ItsEcholot commented 1 year ago

Regarding the health endpoint, maybe we should be thinking about adding docker healthcheck support. This way we don't need to build our own solution and increase compatibility as well.

kn-f commented 1 year ago

I'm hesitant to add the 4xx range since, you're right, this should be a client error. But some on launch building onepage applications might return 404 while the index.html isn't built yet (as an example dashy comes to mind), since the nginx/apache webserver is already running. Also 2xx codes like 204 (No Content) should probably not lead to success?

So I think the following: 100-199, 200, 201, 300-399, 401

I wasn't considering this so definitively extending to all the 4XX codes is a "no go". With respect to the next comment, not all docker containers implement health checks as well as not all applications implement API to check the health of the service. Whatever of the two solution is chosen there will be a drawback. Personally I'd vote for using the HEALTHCHECK functionality in docker.

As a quick fix I'd currently keep the codes you mentioned before and continue the discussion/feature request to see which is the best long term approach.

nopper commented 1 year ago

I am also affected by the following check.

https://github.com/ItsEcholot/ContainerNursery/blob/97b329c6d2f3886967dec2093a1369556104f69c/src/ProxyHost.ts#L154

In my case the check fails because some headers are missing for the request here:

https://github.com/ItsEcholot/ContainerNursery/blob/97b329c6d2f3886967dec2093a1369556104f69c/src/ProxyHost.ts#L144

Would it be possible to expose a boolean flag to skip this additional verification and just proxy the request, like useHttpProbeCheck set to false?

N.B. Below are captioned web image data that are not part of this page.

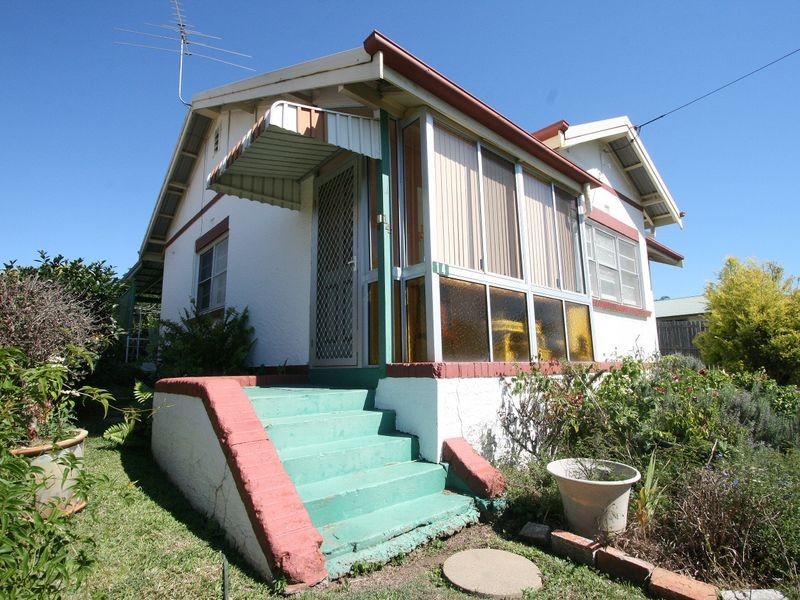 14 DENMAN STREET, Leichhardt QLD 4305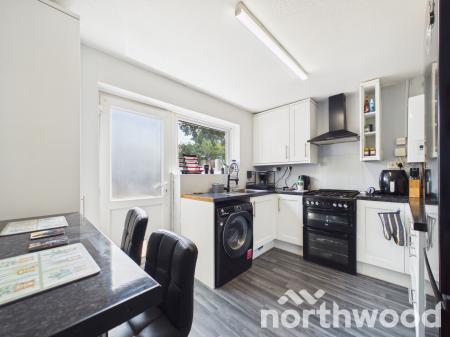 2 bedroom Semi-detached house for sale in Westbourne, Ashford, TN23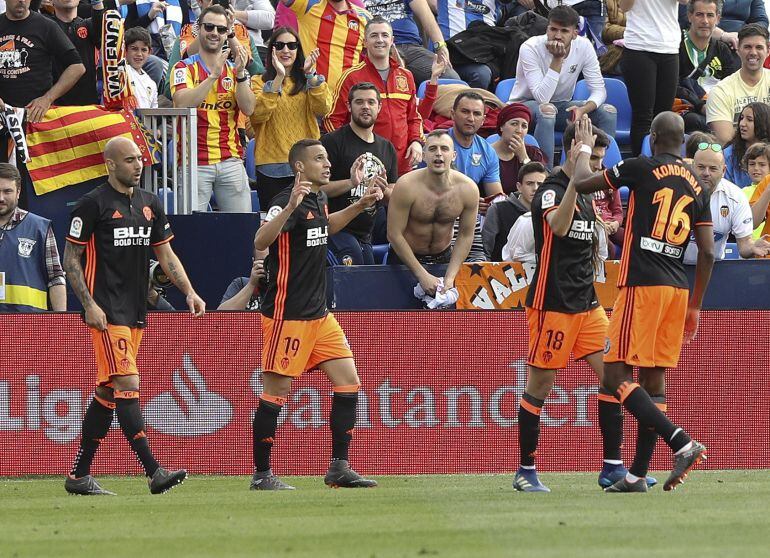 GRAF4018. LEGANÉS, El delantero del Valencia, Rodrigo (2i), celebra el gol que marcó ante el Leganés con sus compañeros, el delantero italiano Simone Zaza (i), el centrocampista Carlos Soler (2d) y el francés Geoffrey Kondogbia (d), durante el partido de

Or maybe another integer called treatHealthyAfterNSeconds or something similar that assumes the container is healthy if after n seconds no errors occurred.

ItsEcholot commented 1 year ago

@nopper Would this be fixed in your case if we added a config to choose between GET and HEAD requests?

nopper commented 1 year ago

I think it might, but not sure I'll have the time to check this to be honest. I moved away from containernursery and now I simply use grafana monitoring to identify and kill idle containers. For restarting I have a catch-all route in traefik that triggers a script for restarting the interested container.

ItsEcholot commented 1 year ago

Thanks for the feedback. In that case I will close here for the time being. Please feel free to reopen / create a new one if needed.